- Records provided -
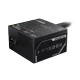 thumbnail image 2 of Fuente de poder GIGABYTE P750BS 750W 80+ Bronze (ATX 12V), 2 of 3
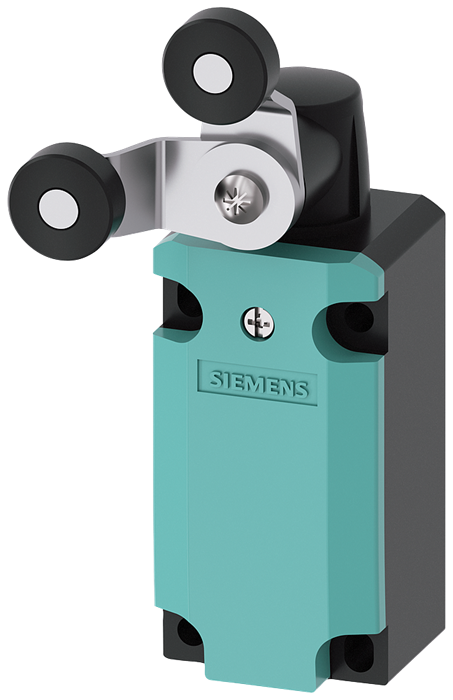 3SE51120CT11 3SE5112-0CT11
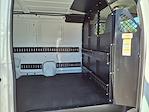 2014 Ford E-350 RWD Empty Cargo Van for sale #D163 - photo 20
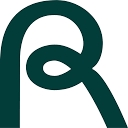 Republic Health Resources logo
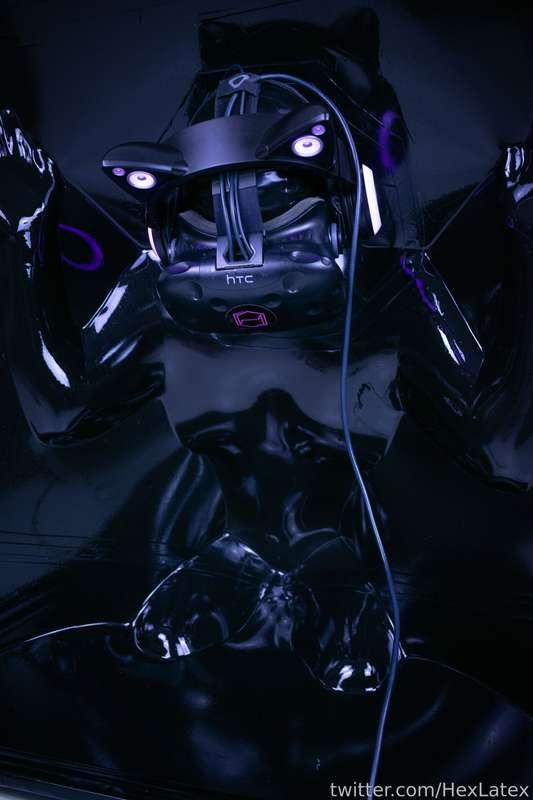 hexlatex image #2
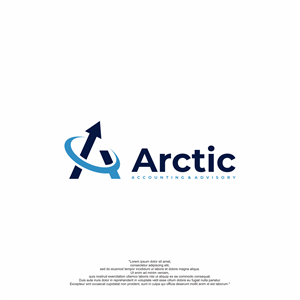 Logo Design by aquila© for this project | Design: #33890289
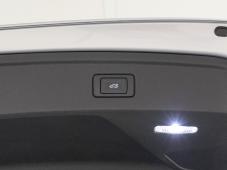 Audi A5 2.0 TDI S-line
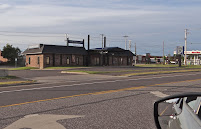 Park State Bank 01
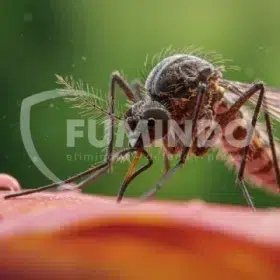 mengapa lebah mati setelah menyengat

- The task -
Drop every picture from the data, then output all the rest exactly.

- Result for this task -
 thumbnail image 2 of Fuente de poder GIGABYTE P750BS 750W 80+ Bronze (ATX 12V), 2 of 3
 3SE51120CT11 3SE5112-0CT11
 2014 Ford E-350 RWD Empty Cargo Van for sale #D163 - photo 20
 Republic Health Resources logo
 hexlatex image #2
 Logo Design by aquila© for this project | Design: #33890289
 Audi A5 2.0 TDI S-line
 Park State Bank 01
 mengapa lebah mati setelah menyengat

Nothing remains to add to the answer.